D&December 2017 – W2D7 – Oddities – The World Serpent Inn
This is a really tough one. The fantasy universe is full of oddities of various types and sources. In creatures we have strange beings such as the were-mole and aboleth. In magic items we have things like the belt of gender change. The list of odd planar locations seems to have no end. But there is one oddity that has endlessly fascinated me since I first came across it: The World Serpent Inn.
About the Inn
There is a TV trope referred to as the “Inn Between Worlds“. This is a place that wanders from place to place. A building that appears and disappears, seemingly at random. It serves as a portal between worlds and in one variety or another is often used as a means of crossing over between realities. The World Serpent Inn is the D&D equivalent of it.
It’s been around since the days of AD&D and received a big treatise in Dragon Magazine #351 (which I still have around somewhere). The Inn can be used by travelers to easily get from Krynn to Greyhawk to Faerun or to just about any plane that exists in the D&D cosmology.
There’s a large common room that changes from time to time. Numerous passageways filled with doors. Some of the doors lead to rooms and some of them lead to various otherworldly destinations and times. The passageways and doors are not fixed constants, either. They seem to change at random, appearing and disappearing and changing where they lead.
The Dragon magazine article detailed a number of cool side quests and adventure hooks that could be undertaken from the Inn. One example was a door that leads to Istar just days before the gods of Krynn blasted it into oblivion.
My Usage
The Inn is something that I’ve co-opted for my own purposes within the Wyrmfang Chronicles. In my usage, the Inn has a new co-owner, Aeduin(my cleric of the Smoking Eye from the Shackled City adventure path). He has given it a permanent home on the plane that he now controls, Occipitus. Much remains the same, but there are a few notable differences.
The bartenders who work behind the bar are three medusae, sisters that he rescued from somewhere. Neither he nor they talk about the where or how of it.

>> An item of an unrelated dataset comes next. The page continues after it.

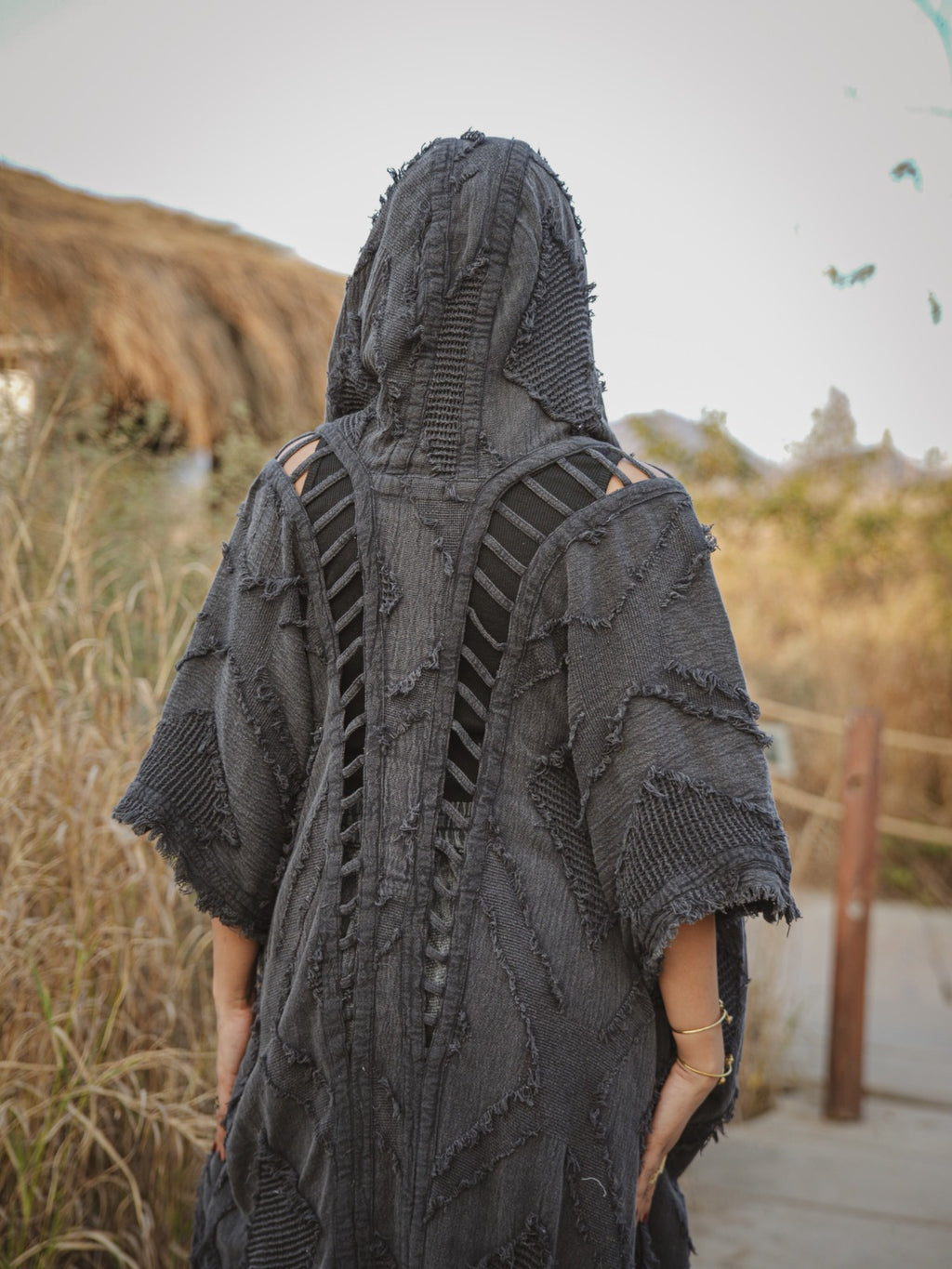 Desert Dori Boho Stone Wash Kimono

New patrons may wary at first, but the sisters never turn anyone to stone unless they are causing problems. They are, in effect, the bouncers.

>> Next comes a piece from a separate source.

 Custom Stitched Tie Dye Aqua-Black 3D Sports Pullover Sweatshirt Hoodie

Another change is that there are many more hallways and doors than there were previously. Aeduin has turned the Inn and the plane of Occipitus it now resides in, into a place of neutrality where friends and enemies may come to negotiate, discuss, or just drink together. Fighting is strictly prohibited. One may see elves from Silvanesti seated around a table with those from Evereska. Or mind flayers and githyanki negotiating over some piece of the Ethereal. Even the occasional avatar or demi-god may drop by for a drink or two.